Captioned web images

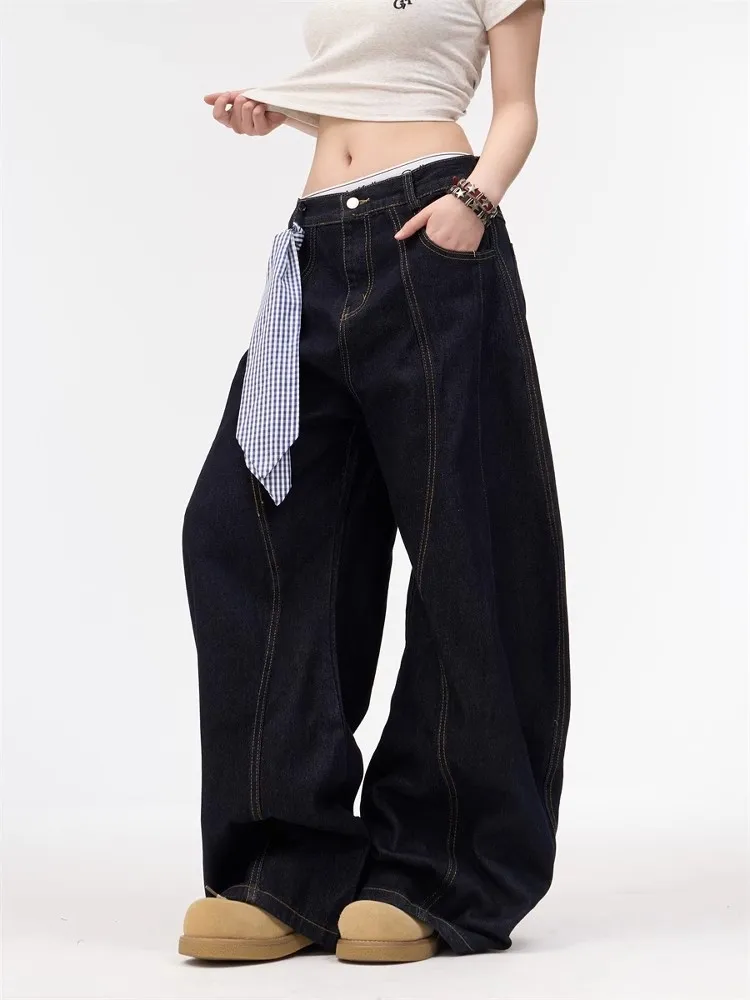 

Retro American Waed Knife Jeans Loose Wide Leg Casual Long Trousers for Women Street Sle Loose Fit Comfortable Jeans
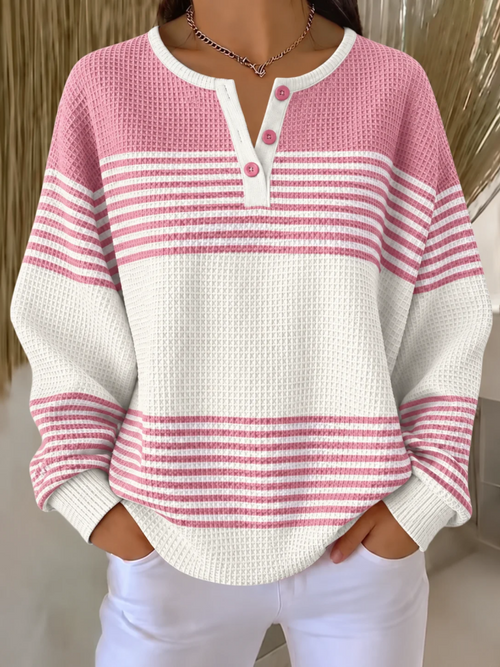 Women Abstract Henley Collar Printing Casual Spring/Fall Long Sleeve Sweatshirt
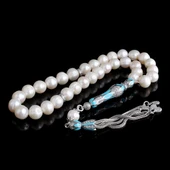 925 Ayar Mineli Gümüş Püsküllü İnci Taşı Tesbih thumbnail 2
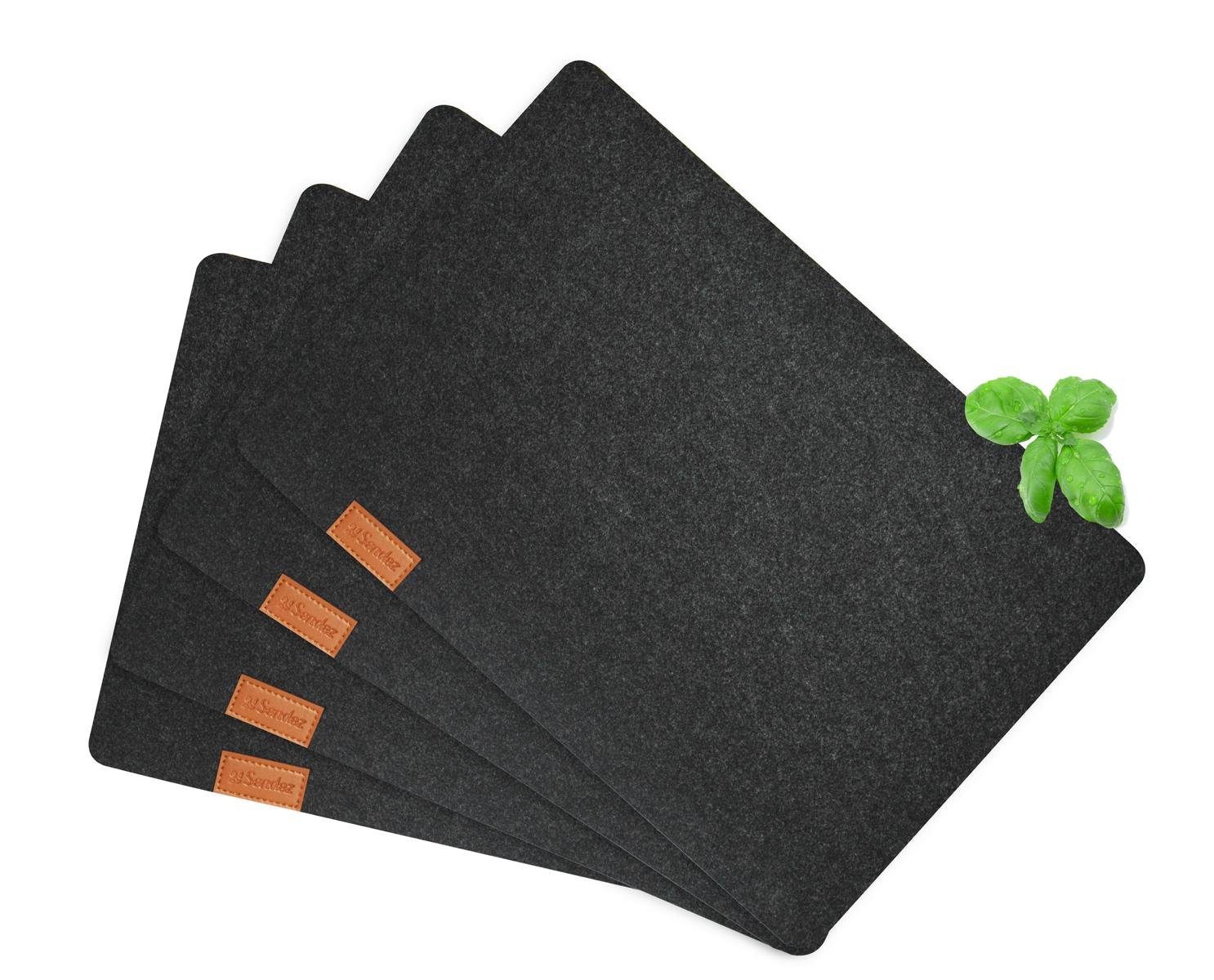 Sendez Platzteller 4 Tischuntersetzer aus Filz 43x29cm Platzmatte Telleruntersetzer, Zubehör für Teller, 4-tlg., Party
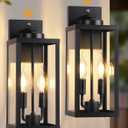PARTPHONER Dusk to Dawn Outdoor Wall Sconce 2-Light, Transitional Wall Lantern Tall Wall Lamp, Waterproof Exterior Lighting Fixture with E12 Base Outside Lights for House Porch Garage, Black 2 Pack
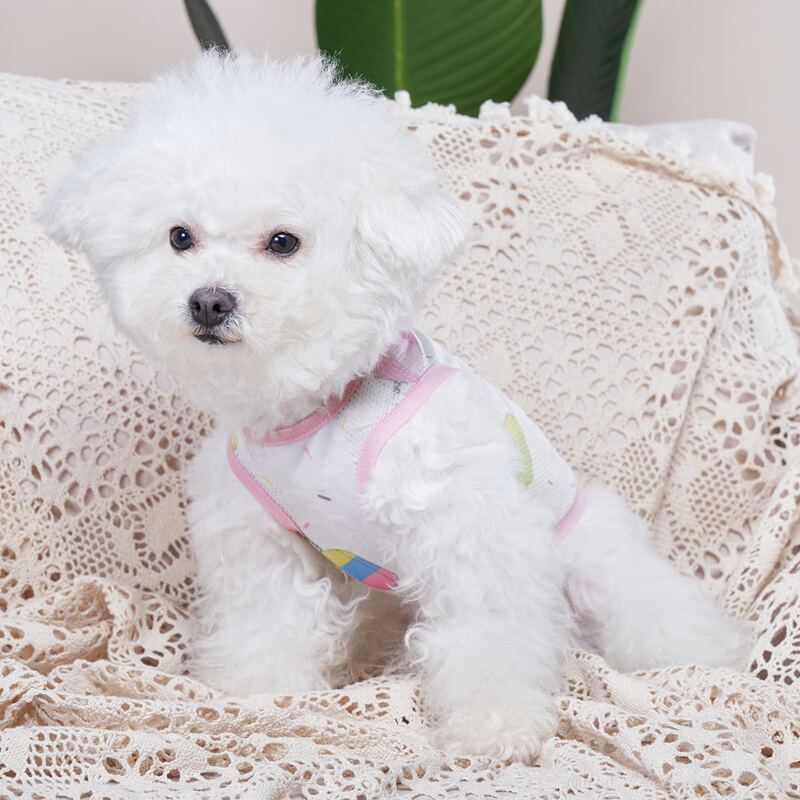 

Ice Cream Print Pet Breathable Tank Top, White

Your task: Copy each entry exactly as written, and drop the pictures from the copy.

Expected answer:
Retro American Waed Knife Jeans Loose Wide Leg Casual Long Trousers for Women Street Sle Loose Fit Comfortable Jeans
 Women Abstract Henley Collar Printing Casual Spring/Fall Long Sleeve Sweatshirt
 925 Ayar Mineli Gümüş Püsküllü İnci Taşı Tesbih thumbnail 2
 Sendez Platzteller 4 Tischuntersetzer aus Filz 43x29cm Platzmatte Telleruntersetzer, Zubehör für Teller, 4-tlg., Party
PARTPHONER Dusk to Dawn Outdoor Wall Sconce 2-Light, Transitional Wall Lantern Tall Wall Lamp, Waterproof Exterior Lighting Fixture with E12 Base Outside Lights for House Porch Garage, Black 2 Pack

Ice Cream Print Pet Breathable Tank Top, White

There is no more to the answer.